>>>>>

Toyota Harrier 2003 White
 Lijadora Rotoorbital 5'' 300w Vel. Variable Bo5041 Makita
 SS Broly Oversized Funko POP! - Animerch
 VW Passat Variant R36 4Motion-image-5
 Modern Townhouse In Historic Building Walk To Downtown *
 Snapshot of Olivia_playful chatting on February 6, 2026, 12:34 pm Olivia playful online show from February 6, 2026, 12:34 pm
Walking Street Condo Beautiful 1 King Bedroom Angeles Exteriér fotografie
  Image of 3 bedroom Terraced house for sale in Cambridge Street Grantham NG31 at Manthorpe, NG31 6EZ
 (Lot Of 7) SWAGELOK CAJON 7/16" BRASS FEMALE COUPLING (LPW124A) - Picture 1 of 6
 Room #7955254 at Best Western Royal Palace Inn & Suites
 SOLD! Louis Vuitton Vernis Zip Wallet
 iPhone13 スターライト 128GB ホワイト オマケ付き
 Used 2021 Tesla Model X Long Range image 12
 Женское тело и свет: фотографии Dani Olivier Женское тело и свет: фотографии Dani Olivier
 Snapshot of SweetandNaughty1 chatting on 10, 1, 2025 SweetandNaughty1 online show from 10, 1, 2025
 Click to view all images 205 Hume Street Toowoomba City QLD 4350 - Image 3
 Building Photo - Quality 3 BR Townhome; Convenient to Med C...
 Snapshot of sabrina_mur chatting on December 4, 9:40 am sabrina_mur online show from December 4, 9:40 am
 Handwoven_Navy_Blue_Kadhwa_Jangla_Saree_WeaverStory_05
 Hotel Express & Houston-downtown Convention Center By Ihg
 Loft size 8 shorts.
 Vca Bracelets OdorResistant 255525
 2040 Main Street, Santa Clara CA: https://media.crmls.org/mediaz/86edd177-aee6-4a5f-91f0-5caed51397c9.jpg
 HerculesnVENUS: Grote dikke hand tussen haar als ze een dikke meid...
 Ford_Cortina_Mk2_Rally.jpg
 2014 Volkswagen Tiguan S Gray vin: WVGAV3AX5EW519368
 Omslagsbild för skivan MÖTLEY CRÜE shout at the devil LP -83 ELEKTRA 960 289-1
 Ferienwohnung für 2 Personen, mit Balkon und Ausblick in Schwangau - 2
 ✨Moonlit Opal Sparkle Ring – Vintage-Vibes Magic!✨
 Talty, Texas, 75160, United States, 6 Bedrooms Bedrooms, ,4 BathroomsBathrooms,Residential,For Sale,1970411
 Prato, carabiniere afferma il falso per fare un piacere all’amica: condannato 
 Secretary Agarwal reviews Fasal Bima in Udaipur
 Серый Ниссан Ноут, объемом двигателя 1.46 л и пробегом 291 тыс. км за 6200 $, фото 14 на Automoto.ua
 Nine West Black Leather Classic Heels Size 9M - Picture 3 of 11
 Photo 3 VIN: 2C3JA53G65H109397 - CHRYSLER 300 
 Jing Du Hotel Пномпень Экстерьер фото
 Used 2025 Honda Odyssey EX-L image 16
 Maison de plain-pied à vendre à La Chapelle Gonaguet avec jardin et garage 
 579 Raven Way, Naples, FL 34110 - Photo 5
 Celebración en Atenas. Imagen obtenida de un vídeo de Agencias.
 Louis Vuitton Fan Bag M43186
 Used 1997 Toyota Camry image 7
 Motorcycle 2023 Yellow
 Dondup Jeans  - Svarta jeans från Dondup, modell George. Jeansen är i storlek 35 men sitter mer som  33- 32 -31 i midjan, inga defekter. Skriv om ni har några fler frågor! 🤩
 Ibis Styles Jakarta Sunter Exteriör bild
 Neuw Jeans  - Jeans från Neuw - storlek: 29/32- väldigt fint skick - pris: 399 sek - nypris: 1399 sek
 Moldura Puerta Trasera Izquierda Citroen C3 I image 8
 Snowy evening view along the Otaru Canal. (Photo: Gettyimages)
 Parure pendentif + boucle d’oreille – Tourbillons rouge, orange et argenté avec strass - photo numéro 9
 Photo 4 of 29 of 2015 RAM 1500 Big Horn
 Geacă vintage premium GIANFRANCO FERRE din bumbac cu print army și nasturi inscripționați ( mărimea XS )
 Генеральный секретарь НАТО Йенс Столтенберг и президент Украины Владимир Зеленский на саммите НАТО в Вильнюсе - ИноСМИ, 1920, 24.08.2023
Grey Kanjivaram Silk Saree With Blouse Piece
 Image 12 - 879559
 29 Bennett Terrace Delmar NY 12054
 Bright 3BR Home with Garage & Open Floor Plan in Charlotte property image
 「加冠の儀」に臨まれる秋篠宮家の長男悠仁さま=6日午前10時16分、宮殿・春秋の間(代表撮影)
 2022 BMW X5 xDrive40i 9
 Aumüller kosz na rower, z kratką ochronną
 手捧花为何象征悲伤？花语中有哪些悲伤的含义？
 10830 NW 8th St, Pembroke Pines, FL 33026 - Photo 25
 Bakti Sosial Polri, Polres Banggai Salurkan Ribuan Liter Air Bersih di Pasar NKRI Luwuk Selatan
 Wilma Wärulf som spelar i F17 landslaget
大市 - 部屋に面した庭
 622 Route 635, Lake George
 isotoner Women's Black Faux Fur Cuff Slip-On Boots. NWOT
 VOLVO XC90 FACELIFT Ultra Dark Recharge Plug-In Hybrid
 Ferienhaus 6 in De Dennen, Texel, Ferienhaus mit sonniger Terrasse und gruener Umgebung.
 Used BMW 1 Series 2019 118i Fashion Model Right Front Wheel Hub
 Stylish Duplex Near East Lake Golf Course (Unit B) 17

<<<<<

▶ **Problem**:
Every line in the data above that contains "Toyota" needs to be copied.

▶ **Task response**:
Toyota Harrier 2003 White
 Used 1997 Toyota Camry image 7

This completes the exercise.